Terlepas dari matinya segregationist dan hukum diskriminatif di seluruh dunia Barat dan di Afrika, supremasi kulit putih tetap bertahan sebagai doktrin populis. Selama tahun 1970-an dan 80-an retorika dan ikonografi para supremasi kulit putih yang berangsur-angsur seragam di Amerika Serikat menjadi berpengaruh di Eropa, di mana imigrasi, terutama dari bekas koloni di Asia, Afrika, dan Karibia, berkontribusi pada populasi non-kulit putih yang signifikan dan terus bertambah. Di beberapa negara ide-ide supremasi kulit putih menemukan ekspresi dalam program-program partai-partai politik anti-imigran seperti Front Nasional (Front National) di Perancis, Partai Republik (Die Republikaner) di Jerman, dan Partai Kebebasan Austria (Freiheitliche Partei Österreichs) dan (sejak 2005) Aliansi untuk Masa Depan Austria (Bündnis Zukunft Österreich). Di 2009,setelah pemilihan tahun sebelumnya presiden Amerika Afrika pertama Amerika Serikat, Barack Obama, Departemen Keamanan Dalam Negeri AS dan Biro Investigasi Federal (FBI) memperingatkan bahwa kelompok supremasi kulit putih dan milisi sayap kanan di negara itu menang rekrut baru dengan memicu kekhawatiran kontrol senjata dan memperluas daftar kesejahteraan dan dengan mengeksploitasi kebencian yang diciptakan oleh resesi ekonomi yang dimulai pada akhir 2007. Namun beberapa pengamat gerakan, skeptis terhadap klaim tersebut.Departemen Keamanan Dalam Negeri dan Biro Investigasi Federal (FBI) memperingatkan bahwa kelompok supremasi kulit putih dan milisi sayap kanan di negara itu memenangkan rekrutan baru dengan menyalakan ketakutan akan kendali senjata dan memperluas daftar kesejahteraan dan dengan memanfaatkan kebencian yang diciptakan oleh resesi ekonomi yang dimulai pada akhir 2007. Beberapa pengamat gerakan, skeptis terhadap klaim tersebut.Departemen Keamanan Dalam Negeri dan Biro Investigasi Federal (FBI) memperingatkan bahwa kelompok supremasi kulit putih dan milisi sayap kanan di negara itu memenangkan rekrutan baru dengan menyalakan ketakutan akan kendali senjata dan memperluas daftar kesejahteraan dan dengan memanfaatkan kebencian yang diciptakan oleh resesi ekonomi yang dimulai pada akhir 2007. Beberapa pengamat gerakan, skeptis terhadap klaim tersebut.

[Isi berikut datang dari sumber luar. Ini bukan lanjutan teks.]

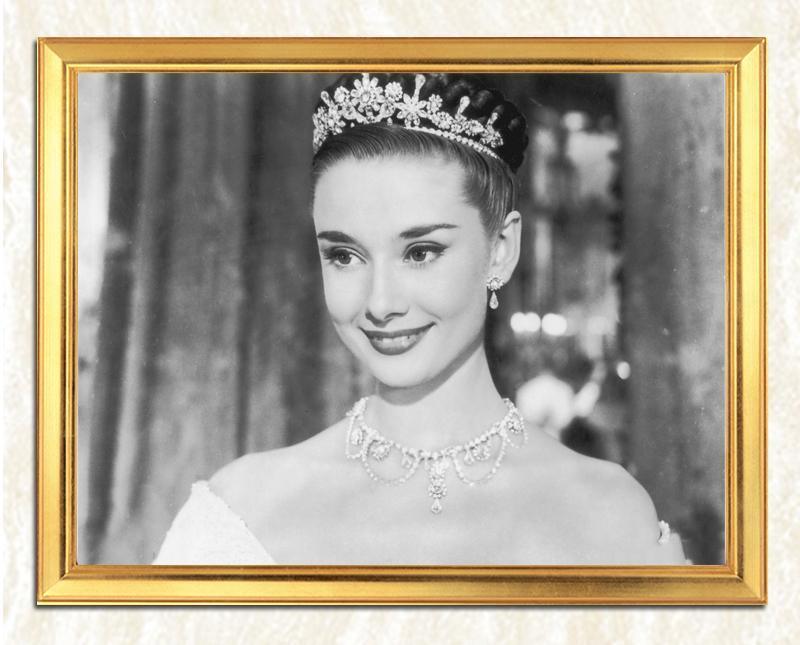 Audrey Hepburn trägt das Kronenporträt - Diamond Painting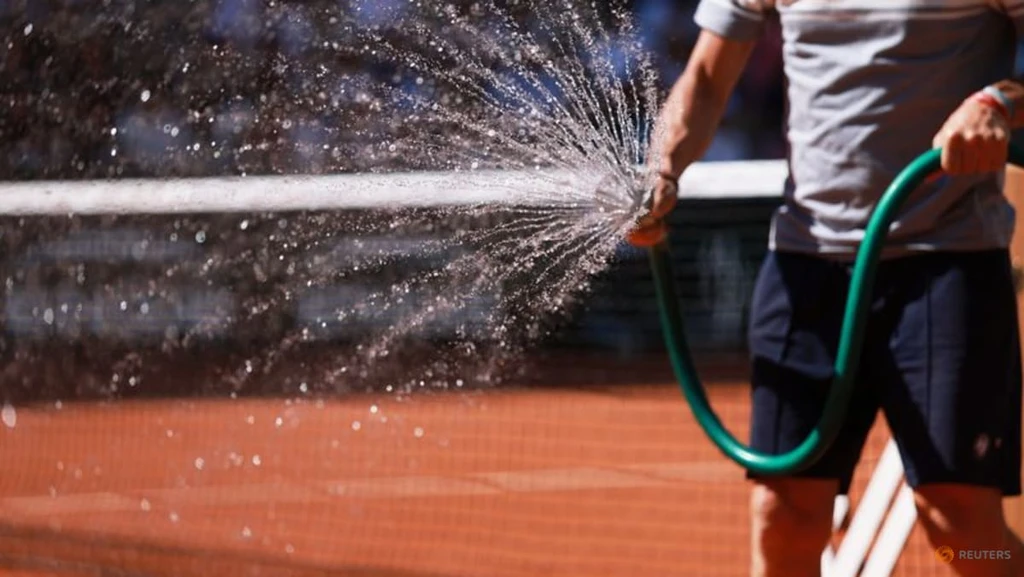 Scorching Heat Tests Players, Accelerates Courts at French Open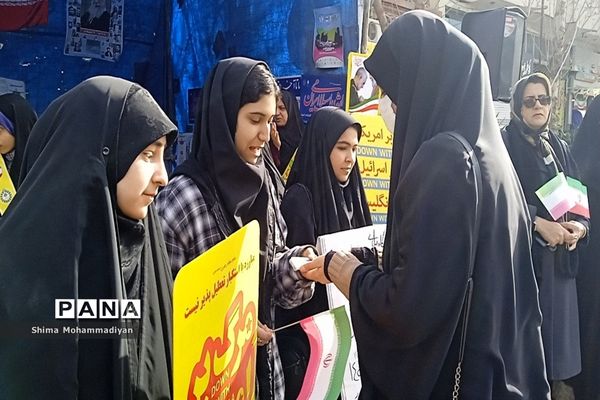 غرفه میدان ۱۴ صفر ۲ دختران نیشابور در راهپیمایی ۲۲ بهمن ماه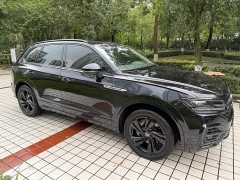 Volkswagen Touareg 3.0TSI Sharp Enjoyment Edition Jet Black Sport Package - ფოტო 4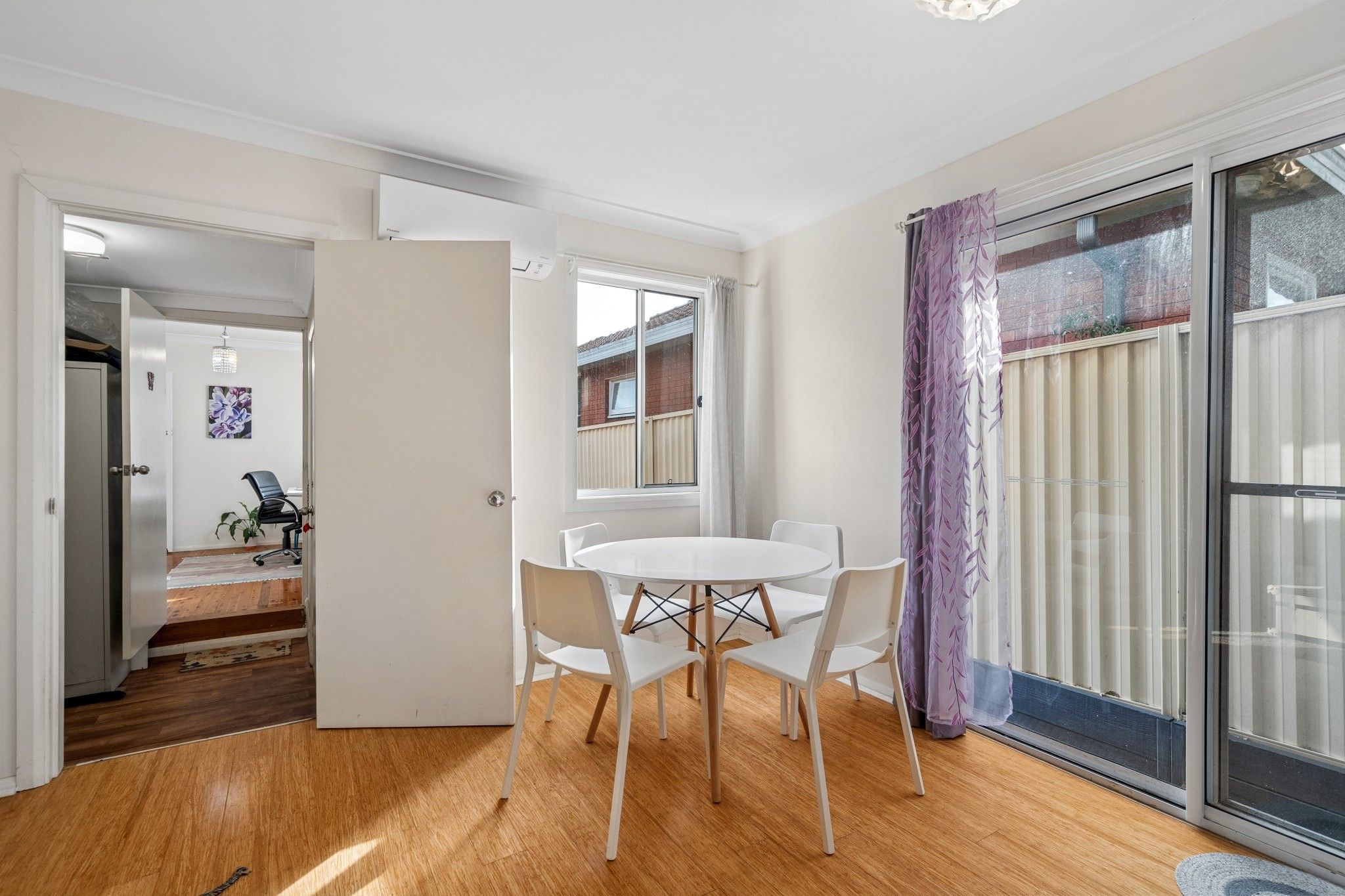 45 Fullerton Crescent — photo 3 of 26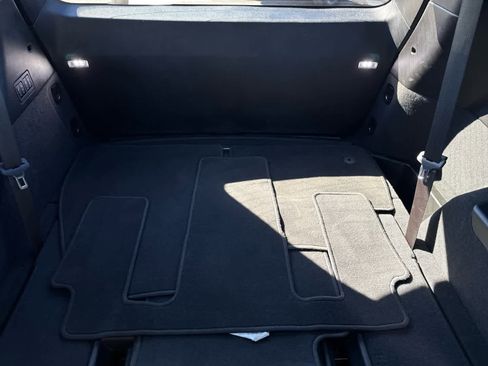 Certified 2025 Cadillac XT6 Premium Luxury image 7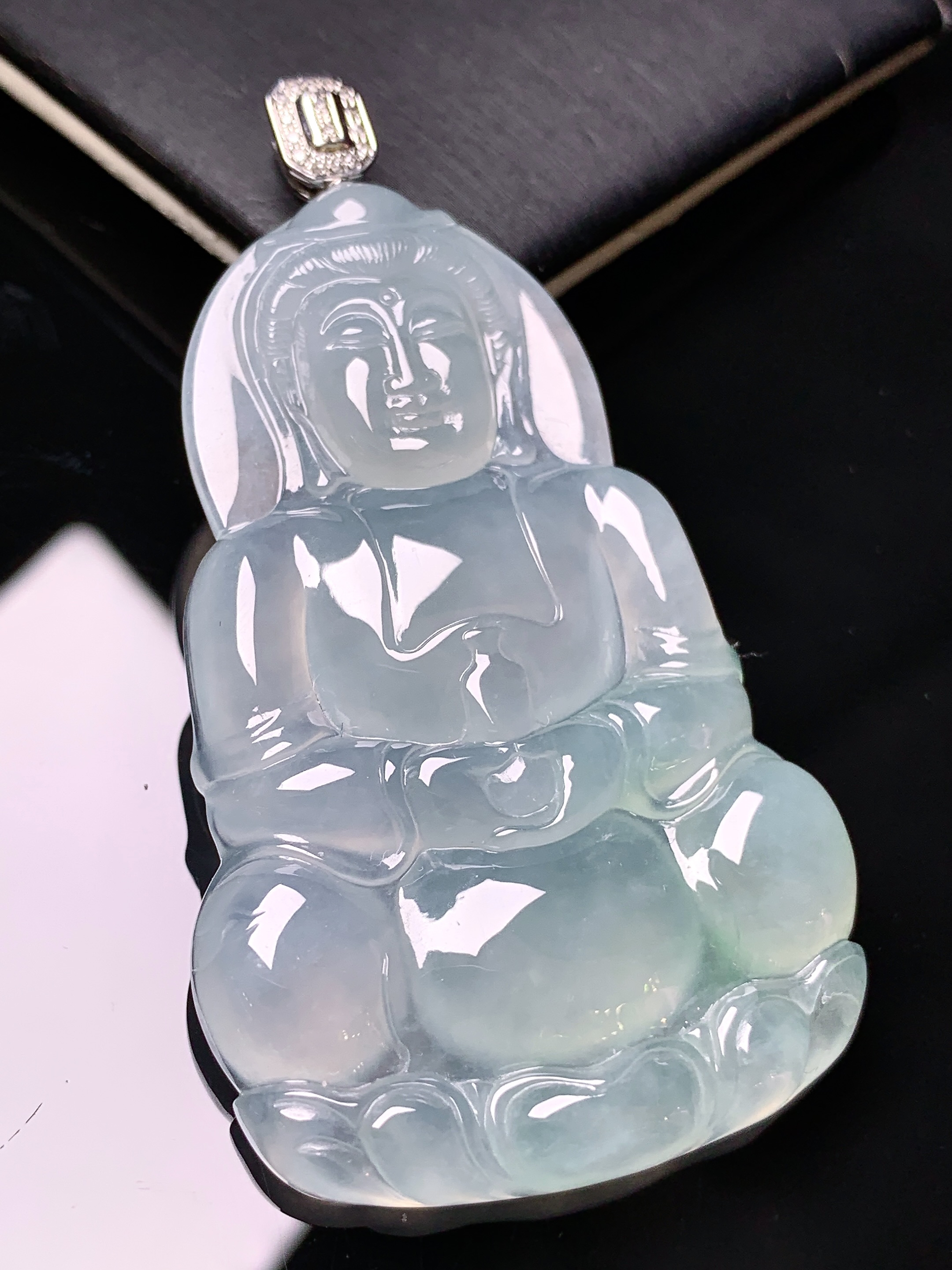 18k金钻镶嵌冰种观音吊坠 玉质细腻 色泽艳丽清新 水润亮眼 整体尺寸65.5*36.5*6 a5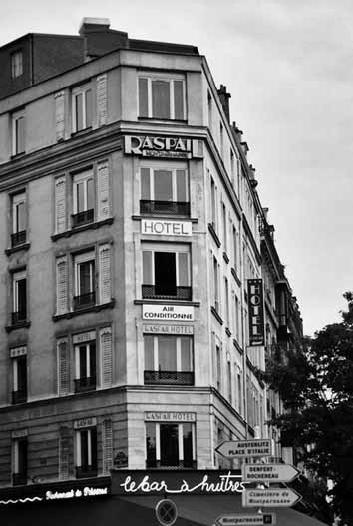 Иллюстрация к книге — Здесь шумят чужие города, или Великий эксперимент негативной селекции [i_010.jpg]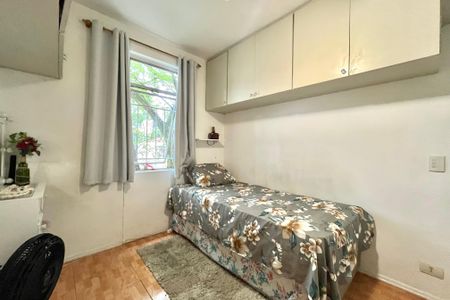 Apartamento à venda com 56m², 2 quartos e 2 vagas Apartamento à venda com 56m², 2 quartos e 2 vagasQuarto 2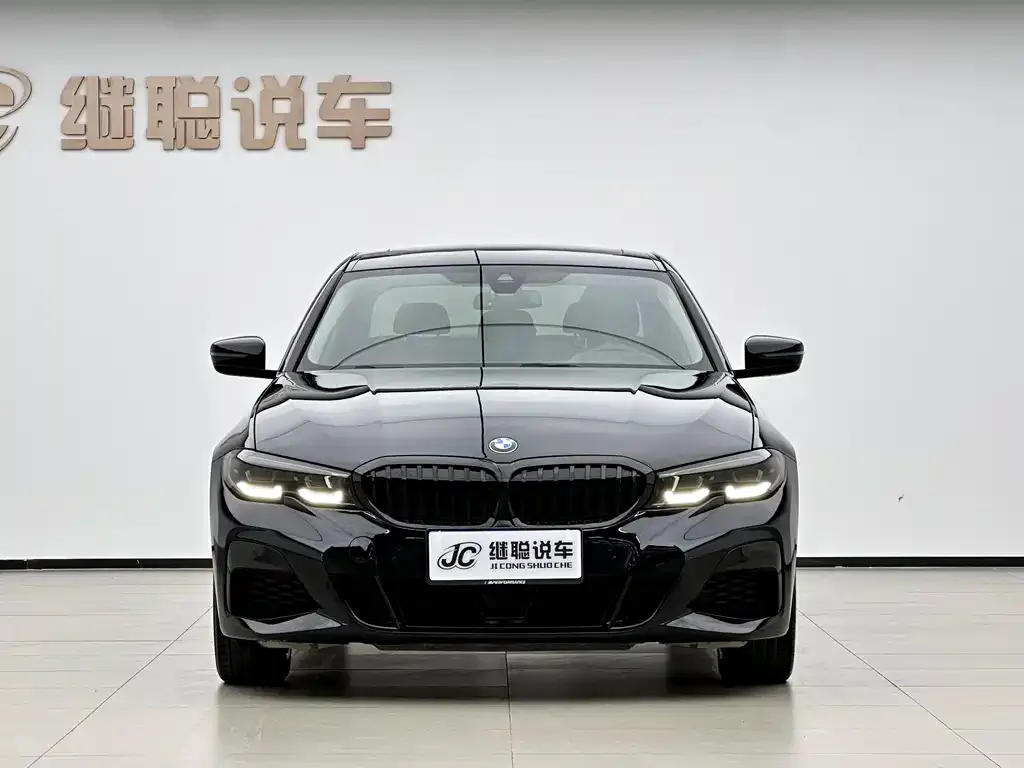 BMW 3 Series 2022 из CN, фото 2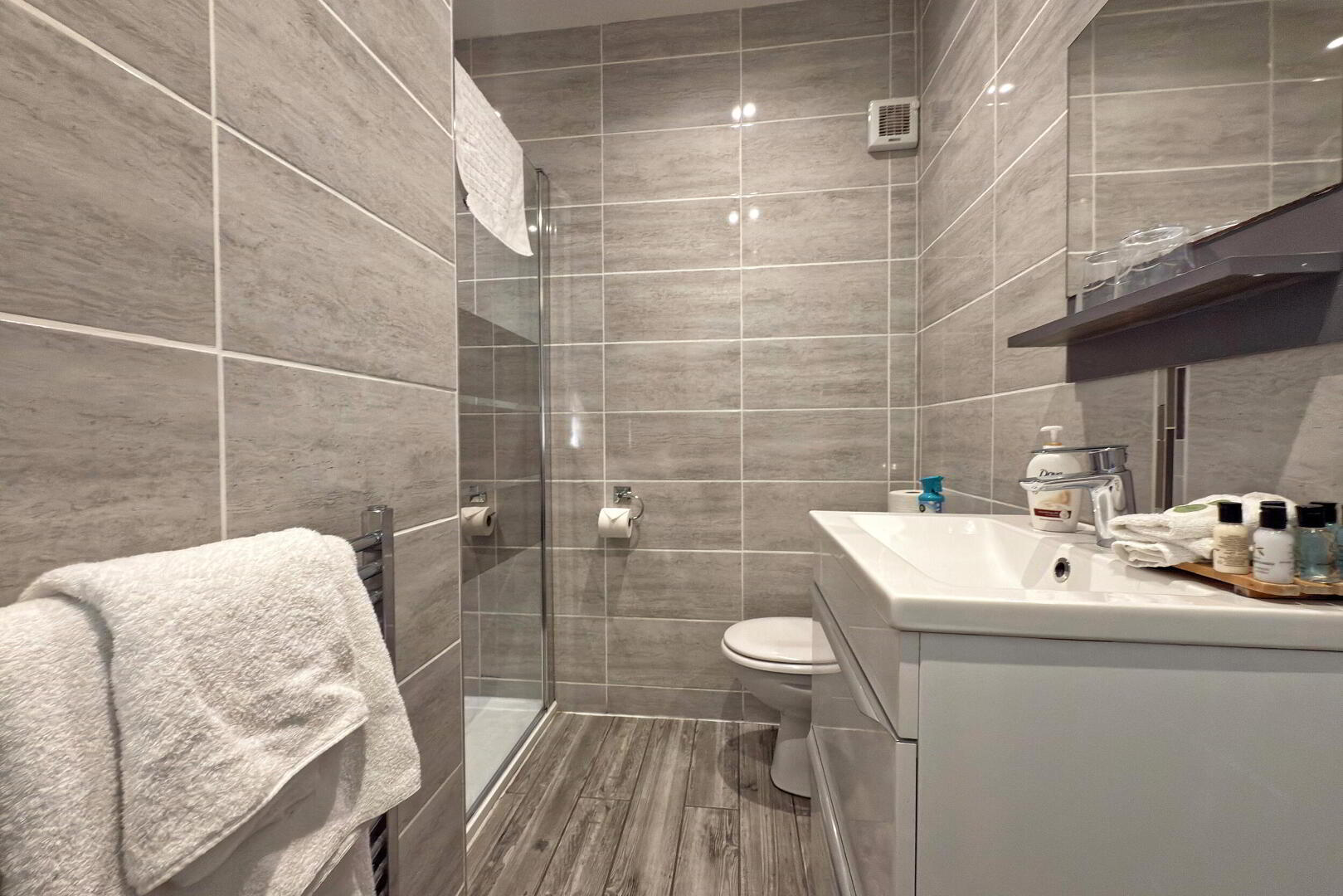 50 Eglinton Street 15 of 29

Pada awal 2016 kampanye kepresidenan pengembang real-estate Donald J. Trump, calon Partai Republik, menarik dukungan signifikan dari supremasi kulit putih dan yang disebut nasionalis kulit putih, yang sebagian besar menolak rasisme tetapi merayakan identitas "kulit putih" dan menyesali dugaan erosi. kekuatan politik dan ekonomi kulit putih dan penurunan budaya putih dalam menghadapi imigrasi dan multikulturalisme non-kulit putih. Pengagum Trump lainnya termasuk anggota gerakan "alt-kanan" (alternatif kanan), asosiasi longgar supremasi kulit putih yang relatif muda, nasionalis kulit putih, libertarian ekstrem, dan neo-Nazi. Trump sebelumnya mempertanyakan validitas akta kelahiran Obama Amerika dan, selama kampanye, menyerang imigran dan etnis minoritas, bersumpah untuk membangun tembok di sepanjang perbatasan AS-Meksiko,untuk mendeportasi sekitar 11 juta orang yang tinggal di negara itu secara ilegal, dan untuk melarang imigrasi oleh Muslim. Segera setelah pemilihan tak terduga Trump sebagai presiden pada November 2016, melaporkan kejahatan rasial yang ditujukan pada minoritas — termasuk Muslim, Hispanik, dan Yahudi — meningkat secara signifikan.